The above copyright notice and this permission notice shall be included in all copies or substantial portions of the Software.

THE SOFTWARE IS PROVIDED “AS IS”, WITHOUT WARRANTY OF ANY KIND, EXPRESS OR IMPLIED, INCLUDING BUT NOT LIMITED TO THE WARRANTIES OF MERCHANTABILITY, FITNESS FOR A PARTICULAR PURPOSE AND NONINFRINGEMENT. IN NO EVENT SHALL THE AUTHORS OR COPYRIGHT HOLDERS BE LIABLE FOR ANY CLAIM, DAMAGES OR OTHER LIABILITY, WHETHER IN AN ACTION OF CONTRACT, TORT OR OTHERWISE, ARISING FROM, OUT OF OR IN CONNECTION WITH THE SOFTWARE OR THE USE OR OTHER DEALINGS IN THE SOFTWARE.

Authors
  • Artem Ploujnikov 2022

Summary

Classes:

AttentionBlock

An attention block that allows spatial positions to attend to each other.

AttentionPool2d

Two-dimensional attentional pooling

DecoderUNetModel

The half UNet model with attention and timestep embedding.

Downsample

A downsampling layer with an optional convolution.

DownsamplingPadding

A wrapper module that applies the necessary padding for the downsampling factor

EmbeddingProjection

A simple module that computes the projection of an embedding vector onto the specified number of dimensions

EncoderUNetModel

The half UNet model with attention and timestep embedding.

QKVAttention

A module which performs QKV attention and splits in a different order.

ResBlock

A residual block that can optionally change the number of channels.

TimestepBlock

Any module where forward() takes timestep embeddings as a second argument.

TimestepEmbedSequential

A sequential module that passes timestep embeddings to the children that support it as an extra input.

UNetModel

The full UNet model with attention and timestep embedding.

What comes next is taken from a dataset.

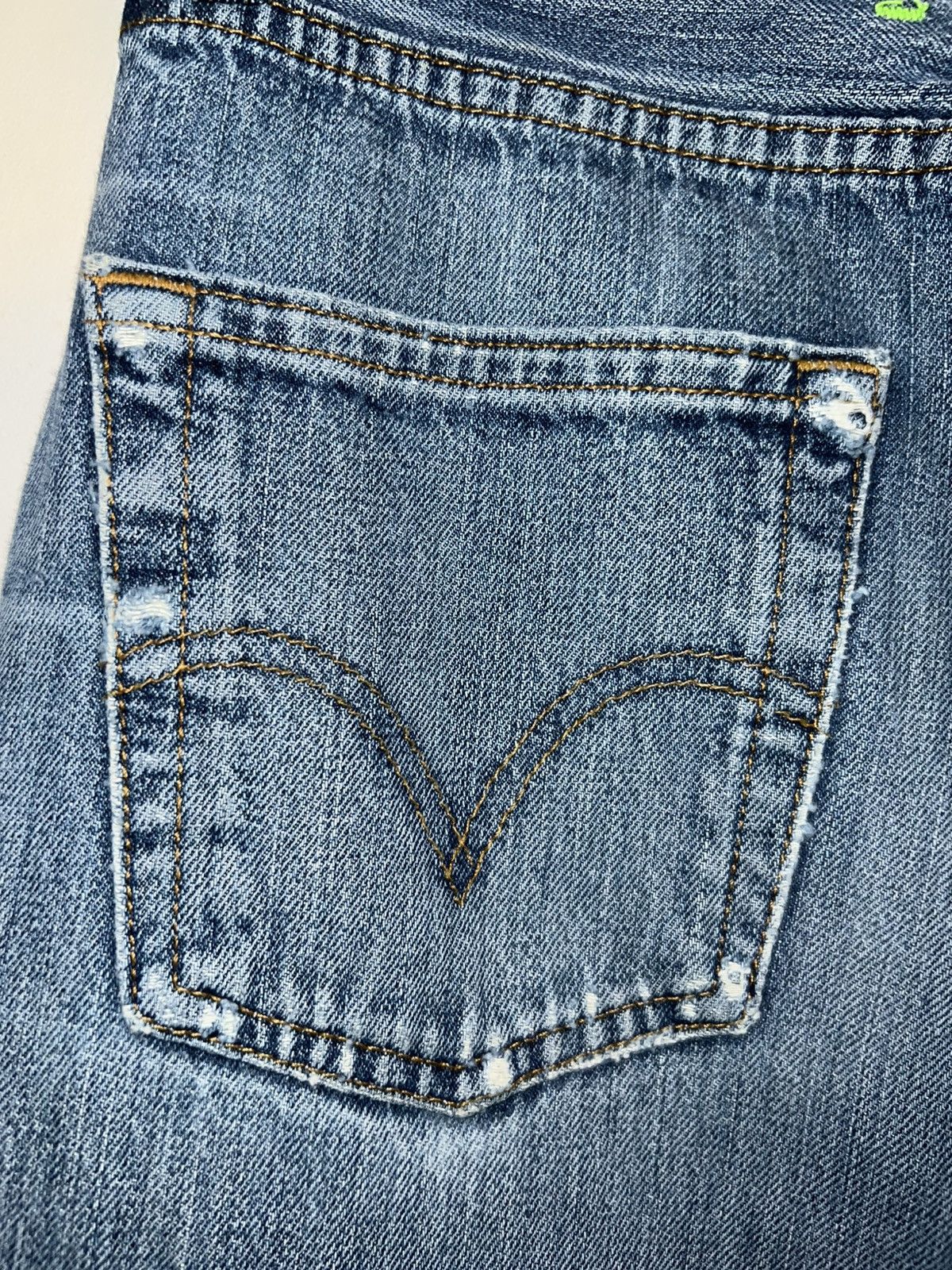 Better With Age Better With Age Baggy Jawn Denim Size US 31 - 13 Thumbnail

UNetNormalizingAutoencoder

A convenience class for a UNet-based Variational Autoencoder (VAE) - useful in constructing Latent Diffusion models

Upsample

An upsampling layer with an optional convolution.

Functions:

avg_pool_nd

Create a 1D, 2D, or 3D average pooling module.

build_emb_proj

Builds a dictionary of embedding modules for embedding projections

conv_nd

Create a 1D, 2D, or 3D convolution module.

fixup

Zero out the parameters of a module and return it.

timestep_embedding

Create sinusoidal timestep embeddings.

Reference

speechbrain.nnet.unet.fixup(module, use_fixup_init=True)[source]

Zero out the parameters of a module and return it.

Parameters:
  • module (torch.nn.Module) – a module

  • use_fixup_init (bool) – whether to zero out the parameters. If set to false, the function is a no-op

speechbrain.nnet.unet.conv_nd(dims, *args, **kwargs)[source]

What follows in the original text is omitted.